Os feitiços de ataque causam dano diretamente, enquanto os feitiços de suporte ativam vários efeitos passivos. Embora apenas um de cada tipo possa estar ativo ao mesmo tempo, podem segurar os botões L1 ou R1 a qualquer momento para retardar a ação e trocar um novo feitiço pelo slot ativo. A mecânica está muito afinada neste capítulo onde cada elemento, e serão 4 ao longo do jogo, traz 3 tipos de magias ofensivas e mais 4 tipos de magia auxiliares. Isso articulado com o facto de cada inimigo ser propenso a determinado tipo de elemento, faz com que exista algum sentido de estratégia, sem perder o ritmo elevado da acção misturada com parkour para nos desviarmos dos ataques adversários e com aquele medidor à Devil May Cry que nos vai indicando a nota da nossa execução “artística”.

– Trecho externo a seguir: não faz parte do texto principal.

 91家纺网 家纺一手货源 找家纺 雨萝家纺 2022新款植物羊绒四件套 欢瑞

A câmara nem sempre ajuda e o Target Lock não reage tão suavemente como desejado, mas é verdadeiramente divertido encaixar todo o tipo de ataques à velocidade da luz, trocando magias de forma super intuitiva e com grafismos de grande qualidade neste capítulo. Os efeitos de partículas das magias, dos vários elementos, até dos vários adversários, são o ponto maior do jogo, onde parece que entra num mundo à parte e nos dá a sensação que Forspoken poderia e deveria estar talhado para outros voos.
Dito isto, não posso dizer que não me tenha divertido a jogar Forspoken. O início mais lento dos primeiros 6 capítulos pode dificultar um pouco a experiência, mas como tenho a mania de “varrer” o mapa, fui sempre encontrando actividades e testando as minhas novas habilidades ao longo dessas primeiras 8 horas, mas os restantes 6 capítulos e com direito a dois finais, tiveram um andamento muito mais acesso, que, aliado ao facto de passarmos a ter novos elementos à disposição e até novas formas de nos locomovermos, deram uma pica extra. Se forem sempre a direito na história vão ter cerca de umas 14 horas, mas se fizerem todas as actividades, facilmente vão andar mais perto das 25 horas, isto se quiserem platinar.

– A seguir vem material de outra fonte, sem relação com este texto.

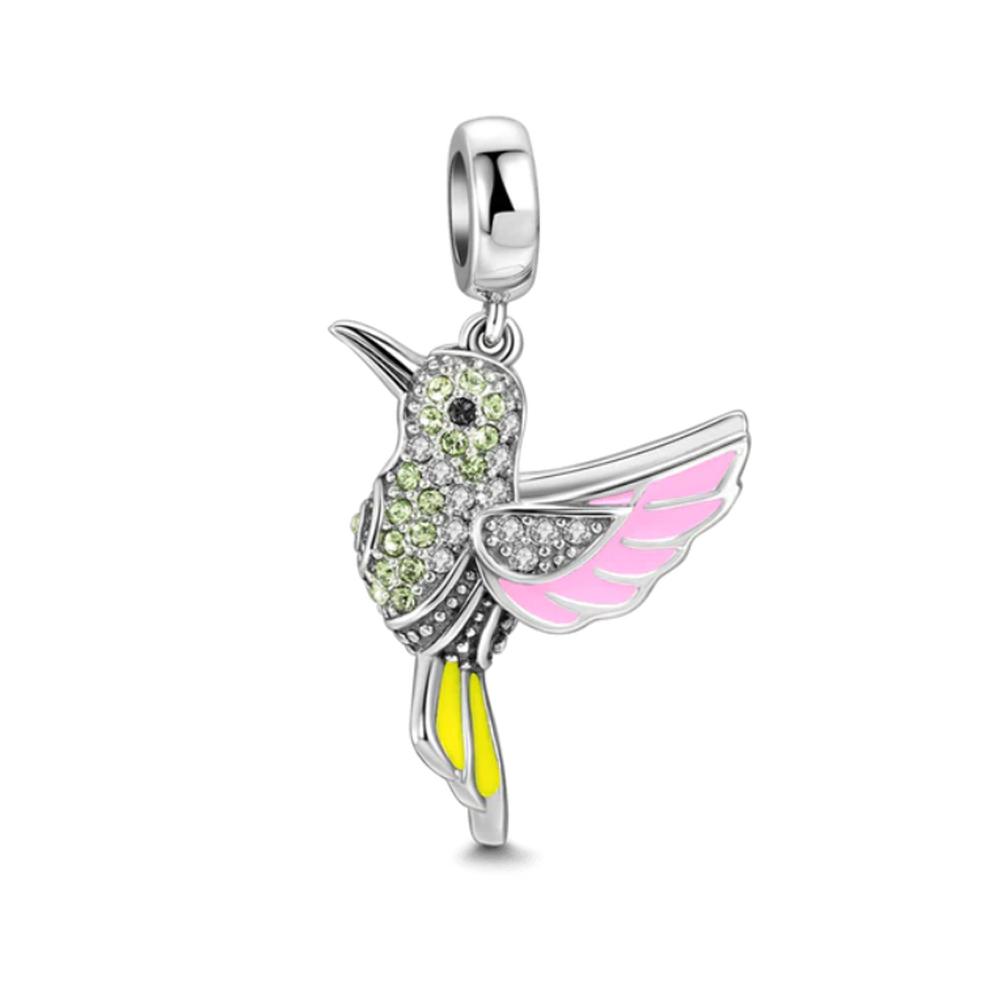 Original Copper Plated Accessories Fashion Charm Eagle Garland Woodpecker Bead Fit Pendant Bracelet For Women Diy Jewelry Gift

Outro dos aspectos que me deixou confuso foi a componente gráfica. Como leram, eu achei que a parte das magias, dos feitiços, das habilidades, com uma execução muito boa, diria até que em momentos excepcional, mas depois o mundo em si e as cutsecenes variam drasticamente. Os NPC’s que não são interpretados por actores, são francamente mal executados, muito repetidos, as texturas de elementos à sombra perdem a definição quase por completo, a iluminação não está muito bem conseguida, para além de nunca ser de noite, seja lá quantas horas passarem no mesmo sítio. As cutsecnes, nomeadamente as na cidade de Nova Iorque também deixam a desejar, melhorando substancialmente a partir da segunda metade do jogo, sabe-se lá porquê.
Por outro lado o uso do DualSense está muito bem conseguido, conseguimos sentir o terreno que Frey pisa com o feedback háptico, as magias também podem ser aplicadas com vários tipos de aperto dos gatilhos hápticos, para além de Cuff falar através da pequena coluna do comando.
Forspoken tinha tanta magia para espalhar, mas o feitiço virou-se contra o feiticeiro. É um facto que a jogabilidade pura e dura do parkour mágico e de combate são muito boas, chegam até a ser mesmo singulares em termos de fluidez e de oferta daquilo que podemos executar com a nossa personagem. É um facto também que o mapa está recheado de actividades para nos perdermos em longas horas a tentatr desbloquear tudo e mais alguma coisa e a dominar todos os feitiços disponíveis.
No entanto, é também um facto que em termos gerais graficamente foi um tiro ao lado, onde apenas a componente de combate é realmente eficaz e de outro nível comparado a tudo o resto. Para além disso, as decisões técnicas das pequenas cutscenes com efeitos de transição de fade to black, os efeitos de iluminação e as descrepâncias nas texturas e nos NPC’s, sugam a vicacidade e adrenalina que o jogo nos podia oferecer. Assim como a narrativa é bastante interessante, com dois finais e a profundidade das personagens até está lá, só que metida num menu de arquivo para lermos, quando deveria estar inserido na dinâmica de jogo. É uma pena porque o potencial estava todo lá.